To adhere to the varying levels of compliance, firms need to embrace education. Executives and employees must understand the acceptable guidelines of corporate behavior as outlined in the Foreign Corrupt Practices Act, Sarbanes-Oxley and, eventually, the Dodd-Frank bill (to name a few). It may seem like a daunting exercise of time and resources for officers of a company to flush out all of these guidelines and explain them to their employees, but the risk of not doing so is too great to ignore.
The Galleon trial proved that insider trading and malfeasance in general is not limited to a few individuals. Over twenty people have pled guilty to participating in the insider-trading scheme. These people were not just Galleon employees; the guilty parties have spanned from consultants to hedge funders to lawyers. This shows that education of the legality of business practices is only valuable when it is properly enforced. Companies need to employ skilled corporate compliance officers to regulate and navigate the operations of a company.
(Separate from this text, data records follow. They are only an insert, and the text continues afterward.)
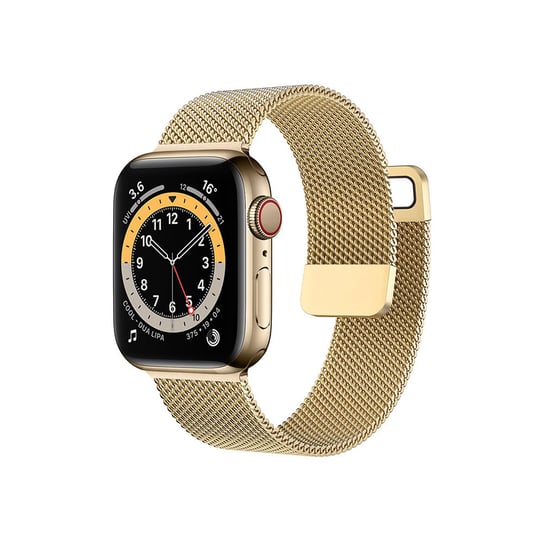 Pasek bransoletka mediolańska do Apple Watch 42/44/45mm złota Inna marka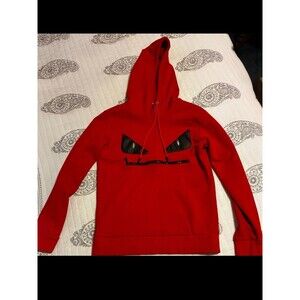 Fendi Monster Red Eyes Hoodie Size Youth Large Or Adult Small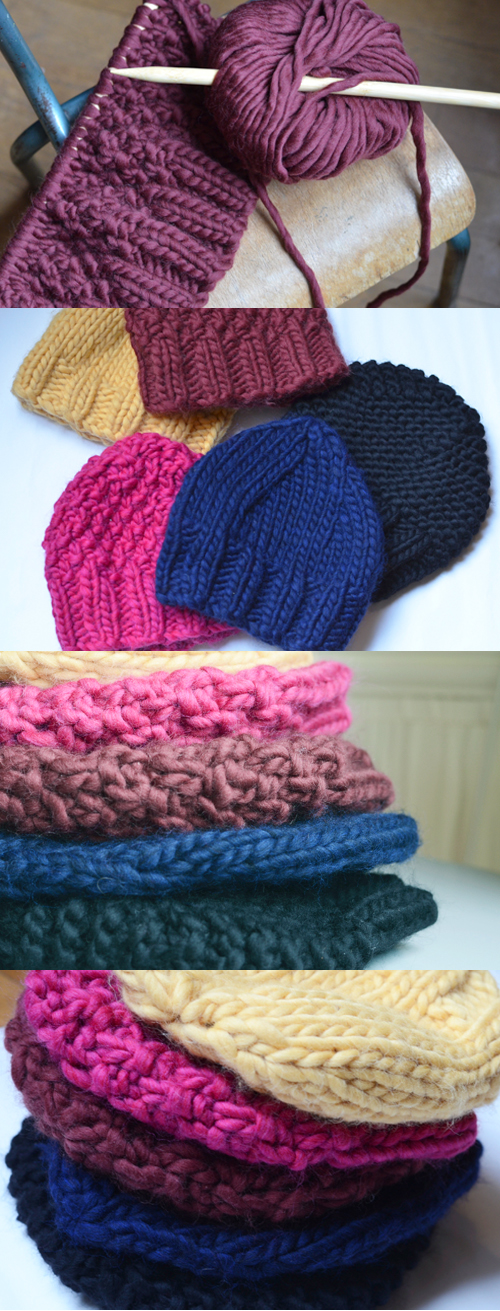 Tricoter un bonnet large adulte unisexe - Une pelote et deux aiguilles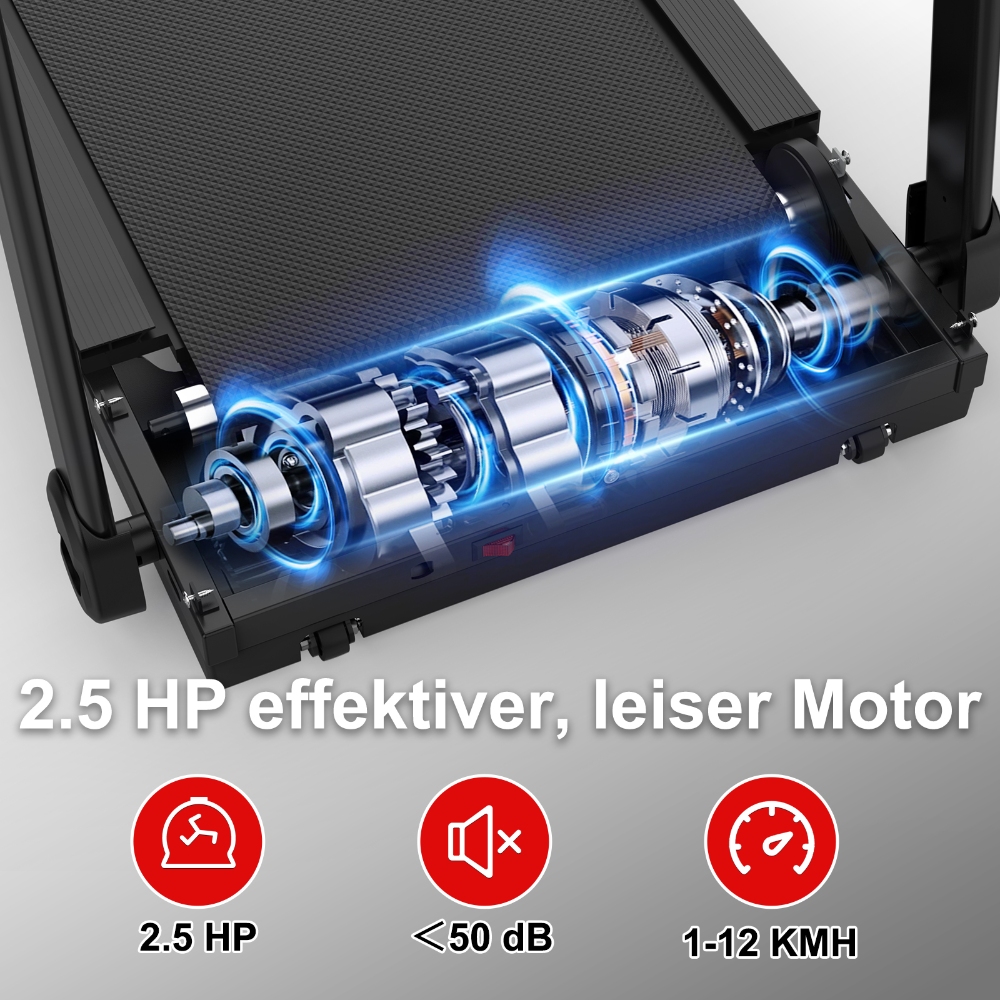 JK1608N-8 Laufband, 2,5 PS-Motor, LED-Display und 12 Trainingsprogramme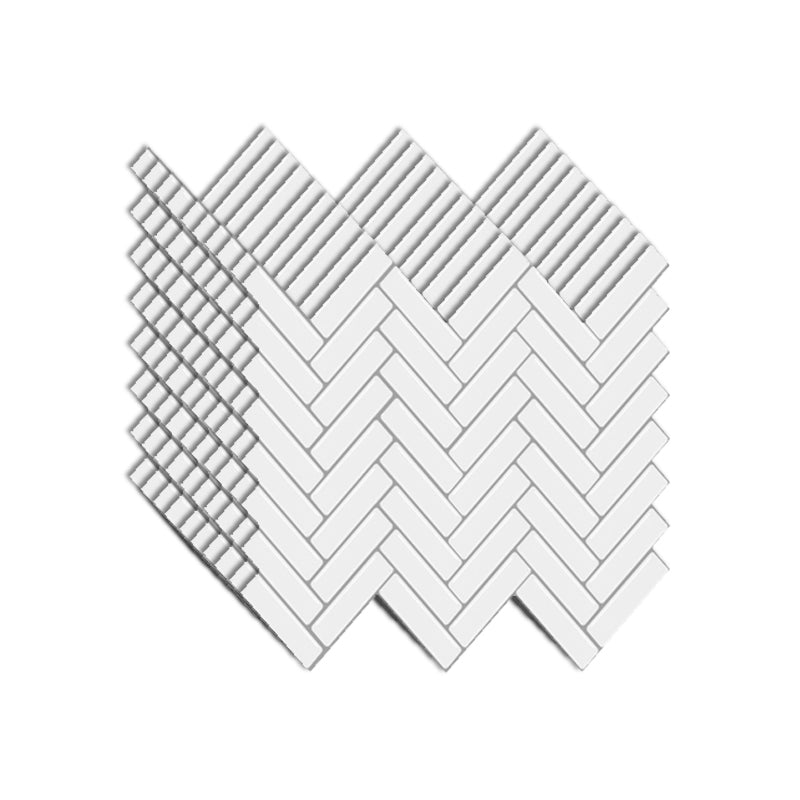 BowLift | Modern Peel and Stick Tiles PVC Herringbone Peel and Stick Backsplash Tiles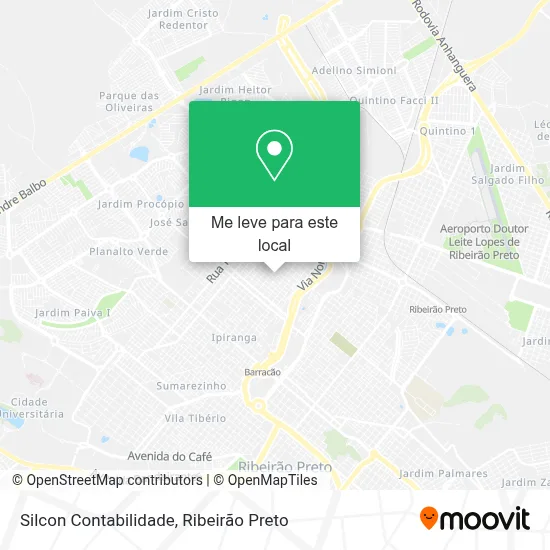 Silcon Contabilidade mapa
Once financial institutions and corporations have accepted that awareness of permissible practices is critical to the success of a company, they should also consider prevention. The most obvious and proactive approach to avoiding fraud is the implementation of a hotline. Sarbanes-Oxley requires publicly traded companies to have some sort of whistleblower component in place. For private firms, a hotline is an ideal resource to give executives, investors and others a chance to prevent fraud of any kind. The hotline allows firms to have a mechanism in place that addresses complaints or concerns about unethical behavior, anything from insider trading to sexual harassment and unsafe work conditions. Not only does a hotline show regulators that a company strives for compliance but also shows employees that the board, management, investors and others care as much about the workplace as they do the balance sheet.
Independent ethics hotlines allow employees, vendors and others to anonymously report wrongdoing to an independent third-party that monitors the complaints and reports to outside counsel or board members about any potentially problematic issues that surface. This then enables the officers and directors of a company to appropriately address the problems before they spiral out of control and potentially end up in the hands of regulators.
The Galleon trial has illuminated the otherwise quiet reality that the network of informal sharing of information is no longer acceptable or a reliable means for promotion. In order to avoid vulnerability to a Galleon-like situation, firms need to examine and strengthen their compliance efforts. The first and most basic step in this endeavor is to educate on the rules of approved business practices. The next is to enforce these standards and ensure they become a fundamental component of operations. Lastly, firms should recognize that prevention is the best way to avoid involvement in, or exposure to, fraud and introducing a hotline is a productive means to that end.